Git URL is https://github.com/GovWizely/webservices. Note that this is the HTTPS URL, since webservices is open-source. Using the public URL allows us to avoid adding a deploy key etc.
- In the short-term, use the calum/fully-decoupled-staging branch.

Most other settings are relatively straight-forward. Add some instances to the Layer and you're good to go.

Note that we'll revisit the Rails App Server Layer later when setting up a public facing load balancer.

4. Sidekiq Layer

You may have noticed in the last section some config related to Sidekiq. At this stage, the Rails app knows how to queue Sidekiq jobs, as it knows how to talk to Redis (i.e. the ElastiCache instance). Now we need to set up the instance which will execute Sidekiq jobs.
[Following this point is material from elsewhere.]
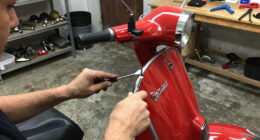 The Vespa At 80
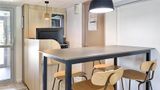 <b>Premiere Classe Dreux Lobby</b>. Images powered by <a href="https://iceportal.shijigroup.com/" title="IcePortal" target="_blank">IcePortal</a>.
Our approach is as follows: we create a Custom Layer called "Sidekiq", add some recipes that will start sidekiq on deploy etc., then rather than add a new instance to the layer, we just add one of the existing Rails instances (which handily already has the Rails app code necessary for the sidekiq runner).

Create a Custom Layer called "Sidekiq".
Add the following recipes to the deploy list:
- gw_webservices::crontabs
- sidekiq::deploy
- gw_webservices::notify_third_parties
- gw_webservices::adjust_elasticsearch_indices
Note that in addition to installing sidekiq, these recipes install our cronjobs which import documents into our indices. They also do post deploy stuff, like inform Airbrake and New Relic that a deployment happened and adjust our indices based on new code that went out (create new indices, import data into empty indices, etc.).
[ Single instance staging Stack: add redis-server as an OS Package.]
Add an instance, but rather than create a new one, choose one of the existing Rails instances.
Add the following to the Stack Custom JSON (as per instructions in the opsworks-sidekiq cookbook documentation:

{
  "deploy": {
    "webservices": {
      "sidekiq": {
        "start_command": "bundle exec sidekiq -e YOUR-ENV-NAME-HERE 2>&1 >> log/sidekiq.log"
      }
    }
  }
}

You'll have to redeploy to the instance in order to get the additional Sidekiq stuff on there.

Rails Layer Revisited: ELB

Set up an ELB in front of the Rails instances in much the same way as the Elasticsearch ELB was set up. Notable differences:

Port configuration:
- 80 (HTTP) forwarding to 80 (HTTP)
- 443 (HTTPS) forwarding to 80 (HTTP)
Add a necessary SSL cert to the ELB in accordance with the domain you wish to use.
Use the Webservices-ELB-Rails SG.
Add all Rails instances. If you want to dedicate the Sidekiq instance to only running imports, exclude it from the ELB.
For the health check, HTTP:80/ is usable.
If necessary, add a CNAME to your domain's DNS which points to the ELB.

Gotchas / Concerns

ES service doesn’t start when instance is stopped then started. Why? this. Solution? Switch to the new cookbook.
If all ES instances are stopped, when brought back online all indices have been deleted. Why? [I think] due to the way that the ES recipe sets up the machine on start. It does a fresh install, including wiping out the ES data dir. Solution: don’t ever stop all instances in the cluster. Make sure user data is backed up regularly.